A chocolate box containing the message of emancipation

A chocolate box containing the message of emancipation

It was the end of spring of 1987 and we have just settled in a ward at Gohardash Prison (in city of Karaj, west of Tehran).

We were restless; Camp Ashraf and the all-women units had been founded. This was our point of hope and we wanted to get its news at any cost.

Among the prisoners, there were some who had been arrested along with their family members. One way to obtain news was through meeting them at the men’s wards.

This wasn’t easy because prison guards would not easily permit that, and to break the prisoners’ resistance, the guards told them to ask for such visits in writing. Many of these requests were rejected and if accepted, the visit had to take place for only a few minutes and in the presence of the guards.

This was an issue for us to fight for our rights.

Every once in a while, a prisoner filed request to meet her husband or brother. One of them was Tahereh Davoodi.

One of Tahereh’s brothers, Jalal, had been hanged at Evin Prison in 1981 and prison guards left his body hanging for some time to become a lesson for the rest.

Tahereh had a younger brother, too. His name was Jamal and he was confined in Gohardasht Prison. She asked to meet him and sometime later, she was called for that.

After the visit, Tahereh entered the ward with a chocolate box and loudly announced, “Gals, come on! Jamal sent his greetings and respects to you all and sent these chocolates for you.”

So, everyone surrounded Tahereh to take a chocolate. As the noise of chocolate wrappings filled the room, one of the girls suddenly shouted, “Hey, look! There’s piece of paper in my chocolate.”

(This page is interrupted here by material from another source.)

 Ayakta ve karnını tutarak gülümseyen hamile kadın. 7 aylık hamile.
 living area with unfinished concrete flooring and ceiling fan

We surrounded her, gazing at the paper; a narrow piece of paper scrawled on with a pencil in tiny bitsy words, but containing a fate-making news. The big news was that Maryam Rajavi had become co-leader of the main opposition organization, the PMOI. This was a great revolution in the Iranian people’s Resistance which heralded women’s equality and emancipation.

Women’s participation in the leadership level of the movement seeking to topple the mullahs’ misogynist regime would have major impact on women who were the force for change. It boosted the morale of all resilient prisoners to resist even more against the regime’s oppression and torture.

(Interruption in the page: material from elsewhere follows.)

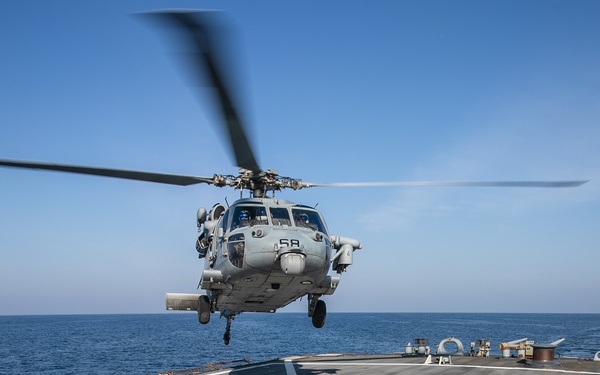 USS Mitscher (DDG 57) Sailor signals to HSM 26 Sea Hawk during flight operations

We read it time and again, and learned it by heart.

We used the same method and conveyed the message to other wards.

Thanks to Tahereh’s courage, the resilient women in prisons learned of the message of emancipation and doubled their efforts to free their homeland.

Tahereh Davoodi was released but arrested shortly afterwards and suspiciously disappeared in Spring 1988.

Jamal Davoodi was hanged during the massacre of political prisoners in 1988 at Gohardasht Prison.